After locating the line that contains "-毅祥斋老孙家泡馍(西羊市店)" in the records below, write out exactly that line and each line after it through the one that contains "Ford Puma 1.0", and nothing else.

### DATA FOR REVIEW ###

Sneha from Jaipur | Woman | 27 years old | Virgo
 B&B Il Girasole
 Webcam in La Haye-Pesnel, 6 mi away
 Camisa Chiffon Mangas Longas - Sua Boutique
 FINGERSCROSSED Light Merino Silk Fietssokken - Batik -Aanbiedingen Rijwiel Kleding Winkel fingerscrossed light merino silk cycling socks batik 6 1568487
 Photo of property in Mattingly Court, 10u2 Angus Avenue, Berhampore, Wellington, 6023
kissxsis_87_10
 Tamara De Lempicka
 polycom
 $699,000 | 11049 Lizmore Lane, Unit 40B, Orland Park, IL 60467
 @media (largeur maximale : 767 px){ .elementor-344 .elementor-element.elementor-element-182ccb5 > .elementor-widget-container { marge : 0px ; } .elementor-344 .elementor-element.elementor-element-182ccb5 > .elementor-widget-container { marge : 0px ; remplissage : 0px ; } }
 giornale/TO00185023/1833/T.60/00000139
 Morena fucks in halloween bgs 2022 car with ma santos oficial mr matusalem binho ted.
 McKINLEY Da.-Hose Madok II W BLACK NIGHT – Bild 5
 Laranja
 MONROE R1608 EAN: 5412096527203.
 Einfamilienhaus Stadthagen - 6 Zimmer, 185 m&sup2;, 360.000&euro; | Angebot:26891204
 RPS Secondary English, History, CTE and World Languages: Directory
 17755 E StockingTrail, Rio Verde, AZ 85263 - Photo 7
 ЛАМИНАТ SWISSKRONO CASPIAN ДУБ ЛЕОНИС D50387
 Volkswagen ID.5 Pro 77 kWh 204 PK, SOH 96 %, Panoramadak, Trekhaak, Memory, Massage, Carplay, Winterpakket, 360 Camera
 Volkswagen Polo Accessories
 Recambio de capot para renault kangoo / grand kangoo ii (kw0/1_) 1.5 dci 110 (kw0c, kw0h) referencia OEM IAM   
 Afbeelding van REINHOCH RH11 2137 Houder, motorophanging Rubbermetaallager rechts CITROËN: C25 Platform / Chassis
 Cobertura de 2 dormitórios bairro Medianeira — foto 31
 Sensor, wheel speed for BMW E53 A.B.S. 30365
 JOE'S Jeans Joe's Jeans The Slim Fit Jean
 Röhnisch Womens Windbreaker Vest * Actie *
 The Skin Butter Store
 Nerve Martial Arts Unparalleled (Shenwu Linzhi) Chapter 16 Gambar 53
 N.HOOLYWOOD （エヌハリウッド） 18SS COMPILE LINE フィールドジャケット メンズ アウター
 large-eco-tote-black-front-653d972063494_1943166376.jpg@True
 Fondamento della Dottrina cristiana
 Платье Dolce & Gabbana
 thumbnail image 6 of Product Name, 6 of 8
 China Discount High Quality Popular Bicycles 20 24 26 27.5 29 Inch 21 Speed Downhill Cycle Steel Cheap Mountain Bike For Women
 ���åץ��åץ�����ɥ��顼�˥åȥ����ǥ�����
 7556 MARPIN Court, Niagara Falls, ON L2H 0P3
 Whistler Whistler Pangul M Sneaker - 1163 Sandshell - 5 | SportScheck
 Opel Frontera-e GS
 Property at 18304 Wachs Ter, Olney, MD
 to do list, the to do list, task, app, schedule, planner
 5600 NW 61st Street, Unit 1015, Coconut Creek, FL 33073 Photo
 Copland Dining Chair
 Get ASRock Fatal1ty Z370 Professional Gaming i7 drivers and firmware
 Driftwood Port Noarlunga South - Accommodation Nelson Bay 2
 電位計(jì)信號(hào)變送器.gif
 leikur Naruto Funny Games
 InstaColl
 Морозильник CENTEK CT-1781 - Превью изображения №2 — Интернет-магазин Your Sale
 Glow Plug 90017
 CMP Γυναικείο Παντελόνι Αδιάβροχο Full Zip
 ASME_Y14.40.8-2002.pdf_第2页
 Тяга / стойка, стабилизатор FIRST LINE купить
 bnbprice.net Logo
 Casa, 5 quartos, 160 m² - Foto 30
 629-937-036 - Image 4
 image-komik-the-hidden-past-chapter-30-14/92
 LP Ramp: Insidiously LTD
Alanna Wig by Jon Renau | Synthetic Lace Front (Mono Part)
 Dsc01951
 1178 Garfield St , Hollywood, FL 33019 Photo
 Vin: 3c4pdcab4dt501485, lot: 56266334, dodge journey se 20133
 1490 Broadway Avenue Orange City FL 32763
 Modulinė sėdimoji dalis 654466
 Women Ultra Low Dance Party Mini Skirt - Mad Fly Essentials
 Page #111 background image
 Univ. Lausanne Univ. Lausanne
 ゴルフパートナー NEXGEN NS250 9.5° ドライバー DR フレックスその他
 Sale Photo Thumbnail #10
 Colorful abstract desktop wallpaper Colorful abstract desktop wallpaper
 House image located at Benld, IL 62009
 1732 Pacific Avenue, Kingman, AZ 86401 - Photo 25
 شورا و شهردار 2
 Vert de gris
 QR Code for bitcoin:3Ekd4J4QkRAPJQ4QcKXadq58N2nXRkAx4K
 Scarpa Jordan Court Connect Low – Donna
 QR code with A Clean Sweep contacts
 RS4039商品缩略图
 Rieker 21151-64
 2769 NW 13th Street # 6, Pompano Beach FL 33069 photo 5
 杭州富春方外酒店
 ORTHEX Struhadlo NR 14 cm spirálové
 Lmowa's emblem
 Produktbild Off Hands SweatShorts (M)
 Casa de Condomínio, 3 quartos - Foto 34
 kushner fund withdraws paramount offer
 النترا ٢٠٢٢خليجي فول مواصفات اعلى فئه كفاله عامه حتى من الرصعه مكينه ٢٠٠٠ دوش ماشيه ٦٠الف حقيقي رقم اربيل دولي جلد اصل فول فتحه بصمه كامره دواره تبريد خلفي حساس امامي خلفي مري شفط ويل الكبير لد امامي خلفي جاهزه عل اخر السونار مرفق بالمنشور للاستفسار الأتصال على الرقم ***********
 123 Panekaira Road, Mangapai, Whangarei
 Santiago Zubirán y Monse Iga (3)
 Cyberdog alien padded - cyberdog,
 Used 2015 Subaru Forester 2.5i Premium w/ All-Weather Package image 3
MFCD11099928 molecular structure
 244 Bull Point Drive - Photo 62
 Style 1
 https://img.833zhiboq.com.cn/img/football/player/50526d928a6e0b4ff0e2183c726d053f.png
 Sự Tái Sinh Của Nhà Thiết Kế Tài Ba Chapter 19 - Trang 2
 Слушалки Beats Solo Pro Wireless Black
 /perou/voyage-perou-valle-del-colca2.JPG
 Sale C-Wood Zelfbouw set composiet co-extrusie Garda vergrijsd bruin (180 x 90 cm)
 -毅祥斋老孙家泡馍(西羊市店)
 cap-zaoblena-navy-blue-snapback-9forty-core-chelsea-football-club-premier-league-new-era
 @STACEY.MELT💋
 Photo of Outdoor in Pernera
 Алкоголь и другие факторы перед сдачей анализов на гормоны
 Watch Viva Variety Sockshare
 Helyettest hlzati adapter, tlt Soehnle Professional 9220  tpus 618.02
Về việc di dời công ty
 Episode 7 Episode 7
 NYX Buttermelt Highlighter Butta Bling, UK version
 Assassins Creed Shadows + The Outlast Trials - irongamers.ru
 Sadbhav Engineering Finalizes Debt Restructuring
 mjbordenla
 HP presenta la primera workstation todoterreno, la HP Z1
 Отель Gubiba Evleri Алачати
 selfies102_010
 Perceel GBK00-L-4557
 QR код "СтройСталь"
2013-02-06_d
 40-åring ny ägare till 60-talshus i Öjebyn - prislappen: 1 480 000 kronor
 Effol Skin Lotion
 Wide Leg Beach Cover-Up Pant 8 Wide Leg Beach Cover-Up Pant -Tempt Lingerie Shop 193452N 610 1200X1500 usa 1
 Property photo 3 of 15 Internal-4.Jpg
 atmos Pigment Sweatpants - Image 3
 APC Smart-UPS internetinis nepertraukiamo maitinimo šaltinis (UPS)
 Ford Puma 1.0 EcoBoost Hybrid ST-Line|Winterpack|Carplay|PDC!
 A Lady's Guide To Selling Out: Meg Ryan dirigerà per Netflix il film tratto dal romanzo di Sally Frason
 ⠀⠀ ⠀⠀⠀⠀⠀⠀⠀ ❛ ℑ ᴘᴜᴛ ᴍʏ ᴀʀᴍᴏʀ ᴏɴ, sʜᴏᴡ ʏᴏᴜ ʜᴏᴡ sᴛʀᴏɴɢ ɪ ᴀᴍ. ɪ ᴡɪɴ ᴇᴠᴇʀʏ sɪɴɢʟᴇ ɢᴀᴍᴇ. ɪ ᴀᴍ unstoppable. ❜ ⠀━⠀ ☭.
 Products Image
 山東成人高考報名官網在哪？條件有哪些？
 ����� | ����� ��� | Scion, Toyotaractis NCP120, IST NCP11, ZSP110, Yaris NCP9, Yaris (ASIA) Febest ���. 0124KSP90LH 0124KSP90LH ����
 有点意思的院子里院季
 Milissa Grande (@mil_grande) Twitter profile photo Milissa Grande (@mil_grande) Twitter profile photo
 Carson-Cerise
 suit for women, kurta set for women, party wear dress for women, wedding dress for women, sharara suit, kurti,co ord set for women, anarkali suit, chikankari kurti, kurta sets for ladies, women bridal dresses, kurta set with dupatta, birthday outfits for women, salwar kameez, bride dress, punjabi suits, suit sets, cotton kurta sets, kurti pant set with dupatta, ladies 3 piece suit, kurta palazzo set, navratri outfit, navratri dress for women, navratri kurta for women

###

TASK RESPONSE –
 -毅祥斋老孙家泡馍(西羊市店)
 cap-zaoblena-navy-blue-snapback-9forty-core-chelsea-football-club-premier-league-new-era
 @STACEY.MELT💋
 Photo of Outdoor in Pernera
 Алкоголь и другие факторы перед сдачей анализов на гормоны
 Watch Viva Variety Sockshare
 Helyettest hlzati adapter, tlt Soehnle Professional 9220  tpus 618.02
Về việc di dời công ty
 Episode 7 Episode 7
 NYX Buttermelt Highlighter Butta Bling, UK version
 Assassins Creed Shadows + The Outlast Trials - irongamers.ru
 Sadbhav Engineering Finalizes Debt Restructuring
 mjbordenla
 HP presenta la primera workstation todoterreno, la HP Z1
 Отель Gubiba Evleri Алачати
 selfies102_010
 Perceel GBK00-L-4557
 QR код "СтройСталь"
2013-02-06_d
 40-åring ny ägare till 60-talshus i Öjebyn - prislappen: 1 480 000 kronor
 Effol Skin Lotion
 Wide Leg Beach Cover-Up Pant 8 Wide Leg Beach Cover-Up Pant -Tempt Lingerie Shop 193452N 610 1200X1500 usa 1
 Property photo 3 of 15 Internal-4.Jpg
 atmos Pigment Sweatpants - Image 3
 APC Smart-UPS internetinis nepertraukiamo maitinimo šaltinis (UPS)
 Ford Puma 1.0 EcoBoost Hybrid ST-Line|Winterpack|Carplay|PDC!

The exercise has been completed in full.